计算机科学与探索 ›› 2024, Vol. 18 ›› Issue (5): 1160-1181.DOI: 10.3778/j.issn.1673-9418.2306024
曾凡智,冯文婕,周燕
出版日期:
2024-05-01
发布日期:
2024-04-29
ZENG Fanzhi, FENG Wenjie, ZHOU Yan
Online:
2024-05-01
Published:
2024-04-29
摘要: 自然场景文本识别在学术研究和实际应用中具有重要价值,已经成为计算机视觉领域的研究热点之一。然而,识别过程存在文本风格多样、背景环境复杂等挑战,导致识别效率和准确率不佳。传统的基于手工设计特征文本识别方法由于其有限的表示能力,不足以有效地应对复杂的自然场景文本识别任务。近年来,采用深度学习方法在自然场景文本识别中取得了重大进展,系统地梳理了近年来相关研究工作。首先,根据是否需要对单字符进行分割,将自然场景文本识别方法分为基于分割与无需分割的方法,再根据其技术实现特点将无需分割的方法进行细分,并对各类最具有代表性的方法工作原理进行了阐述。然后,介绍了当前常用数据集以及评价指标,并在数据集上对各类方法进行了性能对比,从多个方面讨论了各类方法的优势与局限性。最后,指出基于深度学习的自然场景文本识别研究存在的不足和难点,对其未来的发展趋势进行了展望。

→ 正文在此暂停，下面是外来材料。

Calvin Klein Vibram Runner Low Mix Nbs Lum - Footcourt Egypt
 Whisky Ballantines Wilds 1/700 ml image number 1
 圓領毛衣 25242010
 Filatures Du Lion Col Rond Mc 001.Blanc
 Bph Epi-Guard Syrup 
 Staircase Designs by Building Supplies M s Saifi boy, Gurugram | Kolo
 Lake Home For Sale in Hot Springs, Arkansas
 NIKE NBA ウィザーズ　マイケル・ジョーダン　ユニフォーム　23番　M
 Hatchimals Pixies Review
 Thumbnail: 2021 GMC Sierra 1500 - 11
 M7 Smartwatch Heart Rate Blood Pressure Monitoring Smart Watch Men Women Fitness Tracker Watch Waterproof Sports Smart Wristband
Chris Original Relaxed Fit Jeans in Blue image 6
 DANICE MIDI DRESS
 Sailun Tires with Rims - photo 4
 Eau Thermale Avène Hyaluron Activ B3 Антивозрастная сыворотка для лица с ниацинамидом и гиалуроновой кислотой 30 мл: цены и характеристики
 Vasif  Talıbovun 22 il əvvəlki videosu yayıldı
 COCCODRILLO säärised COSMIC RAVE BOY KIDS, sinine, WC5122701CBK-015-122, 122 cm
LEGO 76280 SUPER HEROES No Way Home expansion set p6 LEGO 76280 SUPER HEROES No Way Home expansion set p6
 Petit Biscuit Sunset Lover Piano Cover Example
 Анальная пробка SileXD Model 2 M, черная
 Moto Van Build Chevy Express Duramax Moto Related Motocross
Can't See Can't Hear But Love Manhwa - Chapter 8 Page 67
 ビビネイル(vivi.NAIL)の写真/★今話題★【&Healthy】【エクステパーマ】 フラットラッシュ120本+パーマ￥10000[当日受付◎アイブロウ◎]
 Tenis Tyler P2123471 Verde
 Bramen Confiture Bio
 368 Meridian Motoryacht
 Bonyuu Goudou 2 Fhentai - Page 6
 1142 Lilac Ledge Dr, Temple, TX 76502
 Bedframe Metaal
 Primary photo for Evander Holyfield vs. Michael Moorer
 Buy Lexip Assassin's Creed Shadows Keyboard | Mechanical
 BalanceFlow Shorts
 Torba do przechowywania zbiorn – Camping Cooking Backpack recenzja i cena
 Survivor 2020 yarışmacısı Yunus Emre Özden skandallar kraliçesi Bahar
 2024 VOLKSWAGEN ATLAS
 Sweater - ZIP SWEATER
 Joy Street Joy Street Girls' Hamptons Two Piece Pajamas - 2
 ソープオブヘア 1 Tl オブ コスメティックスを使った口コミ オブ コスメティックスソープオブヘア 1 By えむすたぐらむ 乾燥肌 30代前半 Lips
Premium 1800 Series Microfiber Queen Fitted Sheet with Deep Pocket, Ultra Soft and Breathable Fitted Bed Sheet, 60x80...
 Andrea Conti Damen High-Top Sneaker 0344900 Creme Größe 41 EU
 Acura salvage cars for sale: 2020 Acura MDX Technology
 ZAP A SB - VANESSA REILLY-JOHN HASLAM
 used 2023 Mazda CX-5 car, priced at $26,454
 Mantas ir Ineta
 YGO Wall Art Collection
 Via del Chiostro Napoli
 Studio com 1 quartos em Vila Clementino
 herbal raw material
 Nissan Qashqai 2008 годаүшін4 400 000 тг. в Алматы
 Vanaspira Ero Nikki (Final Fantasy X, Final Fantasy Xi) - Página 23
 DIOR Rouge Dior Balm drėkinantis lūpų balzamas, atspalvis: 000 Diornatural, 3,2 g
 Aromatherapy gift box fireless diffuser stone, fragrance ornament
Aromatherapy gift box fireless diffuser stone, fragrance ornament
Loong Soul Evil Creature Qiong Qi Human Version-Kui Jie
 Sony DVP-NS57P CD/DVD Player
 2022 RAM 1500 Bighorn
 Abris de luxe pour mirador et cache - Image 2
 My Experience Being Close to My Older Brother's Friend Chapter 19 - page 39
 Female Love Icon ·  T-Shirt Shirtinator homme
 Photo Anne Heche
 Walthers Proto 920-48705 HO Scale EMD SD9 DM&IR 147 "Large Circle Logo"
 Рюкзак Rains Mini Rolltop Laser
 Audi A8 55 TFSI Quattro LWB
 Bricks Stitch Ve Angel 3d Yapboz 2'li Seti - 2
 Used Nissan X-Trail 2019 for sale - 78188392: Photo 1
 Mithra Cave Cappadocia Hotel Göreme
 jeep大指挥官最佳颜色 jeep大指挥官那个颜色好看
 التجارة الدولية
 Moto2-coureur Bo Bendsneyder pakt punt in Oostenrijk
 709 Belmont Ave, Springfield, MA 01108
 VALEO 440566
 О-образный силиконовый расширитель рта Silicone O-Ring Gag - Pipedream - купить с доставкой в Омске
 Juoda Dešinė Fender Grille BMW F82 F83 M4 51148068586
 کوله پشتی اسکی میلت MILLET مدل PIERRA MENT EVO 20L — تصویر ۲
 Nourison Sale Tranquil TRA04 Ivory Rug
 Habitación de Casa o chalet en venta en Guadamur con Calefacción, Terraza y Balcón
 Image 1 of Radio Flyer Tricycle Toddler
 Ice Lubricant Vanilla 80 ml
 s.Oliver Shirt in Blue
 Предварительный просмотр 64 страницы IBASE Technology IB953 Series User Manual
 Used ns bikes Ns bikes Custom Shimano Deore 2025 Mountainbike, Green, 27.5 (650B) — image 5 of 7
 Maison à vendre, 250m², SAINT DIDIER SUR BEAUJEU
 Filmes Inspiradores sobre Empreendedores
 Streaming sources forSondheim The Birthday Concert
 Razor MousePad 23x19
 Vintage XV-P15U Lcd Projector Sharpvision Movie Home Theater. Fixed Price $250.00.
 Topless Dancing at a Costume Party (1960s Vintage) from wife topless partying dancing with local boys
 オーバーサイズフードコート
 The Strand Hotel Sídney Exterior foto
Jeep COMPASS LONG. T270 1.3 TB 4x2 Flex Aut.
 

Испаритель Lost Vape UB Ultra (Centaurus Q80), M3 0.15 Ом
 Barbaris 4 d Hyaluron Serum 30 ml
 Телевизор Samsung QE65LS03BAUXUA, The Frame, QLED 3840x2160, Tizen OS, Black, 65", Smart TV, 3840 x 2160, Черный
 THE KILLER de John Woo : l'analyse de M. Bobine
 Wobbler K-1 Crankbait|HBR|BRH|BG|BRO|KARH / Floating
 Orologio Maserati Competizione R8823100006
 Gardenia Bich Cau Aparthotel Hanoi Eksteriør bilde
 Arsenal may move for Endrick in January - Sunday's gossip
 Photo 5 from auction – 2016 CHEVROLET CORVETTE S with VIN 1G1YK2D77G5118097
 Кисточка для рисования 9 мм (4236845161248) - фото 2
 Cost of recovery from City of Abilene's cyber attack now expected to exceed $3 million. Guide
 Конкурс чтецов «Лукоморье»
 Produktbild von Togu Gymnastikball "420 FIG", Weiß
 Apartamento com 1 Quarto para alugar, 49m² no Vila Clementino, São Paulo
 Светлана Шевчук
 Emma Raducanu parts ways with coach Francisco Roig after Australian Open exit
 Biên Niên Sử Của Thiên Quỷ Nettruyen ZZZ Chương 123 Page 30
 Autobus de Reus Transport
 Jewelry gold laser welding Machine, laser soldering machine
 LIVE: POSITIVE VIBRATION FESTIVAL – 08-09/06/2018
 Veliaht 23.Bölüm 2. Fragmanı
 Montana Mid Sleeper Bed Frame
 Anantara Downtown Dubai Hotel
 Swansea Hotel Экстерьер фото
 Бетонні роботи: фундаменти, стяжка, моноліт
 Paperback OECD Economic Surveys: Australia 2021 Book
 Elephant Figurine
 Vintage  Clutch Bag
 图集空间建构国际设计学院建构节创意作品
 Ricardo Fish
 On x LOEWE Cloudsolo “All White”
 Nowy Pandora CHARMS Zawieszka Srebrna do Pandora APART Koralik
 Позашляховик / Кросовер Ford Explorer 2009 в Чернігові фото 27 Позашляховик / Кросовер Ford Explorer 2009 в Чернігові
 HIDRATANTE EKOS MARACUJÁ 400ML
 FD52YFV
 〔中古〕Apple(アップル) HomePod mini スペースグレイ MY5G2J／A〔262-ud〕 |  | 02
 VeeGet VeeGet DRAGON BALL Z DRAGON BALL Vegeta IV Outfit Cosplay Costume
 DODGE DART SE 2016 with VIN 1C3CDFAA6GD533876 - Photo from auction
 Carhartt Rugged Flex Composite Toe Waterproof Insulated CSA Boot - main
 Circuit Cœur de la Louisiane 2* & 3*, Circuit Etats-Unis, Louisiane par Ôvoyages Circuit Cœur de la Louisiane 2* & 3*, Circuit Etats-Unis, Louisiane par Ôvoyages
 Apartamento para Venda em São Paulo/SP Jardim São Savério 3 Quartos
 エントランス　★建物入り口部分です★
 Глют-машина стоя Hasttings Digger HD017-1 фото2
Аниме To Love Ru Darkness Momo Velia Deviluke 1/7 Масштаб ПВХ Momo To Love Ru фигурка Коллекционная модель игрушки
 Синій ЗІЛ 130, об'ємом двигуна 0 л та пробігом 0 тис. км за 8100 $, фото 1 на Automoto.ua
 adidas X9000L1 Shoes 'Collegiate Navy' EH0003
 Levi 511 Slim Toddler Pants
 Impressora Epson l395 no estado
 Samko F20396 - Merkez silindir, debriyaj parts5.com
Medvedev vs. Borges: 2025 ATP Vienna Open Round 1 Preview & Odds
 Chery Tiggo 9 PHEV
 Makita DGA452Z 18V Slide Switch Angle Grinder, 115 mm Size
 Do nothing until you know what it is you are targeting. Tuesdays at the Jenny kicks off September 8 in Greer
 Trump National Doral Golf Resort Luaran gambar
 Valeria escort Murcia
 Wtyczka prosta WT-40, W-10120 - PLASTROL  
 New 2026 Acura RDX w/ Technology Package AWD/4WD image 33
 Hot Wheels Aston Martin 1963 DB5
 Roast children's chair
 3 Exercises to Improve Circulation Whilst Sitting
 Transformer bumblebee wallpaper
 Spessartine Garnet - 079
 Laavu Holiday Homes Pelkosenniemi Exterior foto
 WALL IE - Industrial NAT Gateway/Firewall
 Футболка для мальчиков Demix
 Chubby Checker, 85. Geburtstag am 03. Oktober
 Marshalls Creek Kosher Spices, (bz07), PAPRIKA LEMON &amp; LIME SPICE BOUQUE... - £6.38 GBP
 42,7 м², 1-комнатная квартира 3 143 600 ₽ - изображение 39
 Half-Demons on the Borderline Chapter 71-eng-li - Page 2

曾凡智, 冯文婕, 周燕. 深度学习的自然场景文本识别方法综述[J]. 计算机科学与探索, 2024, 18(5): 1160-1181.
ZENG Fanzhi, FENG Wenjie, ZHOU Yan. Survey on Natural Scene Text Recognition Methods of Deep Learning[J]. Journal of Frontiers of Computer Science and Technology, 2024, 18(5): 1160-1181.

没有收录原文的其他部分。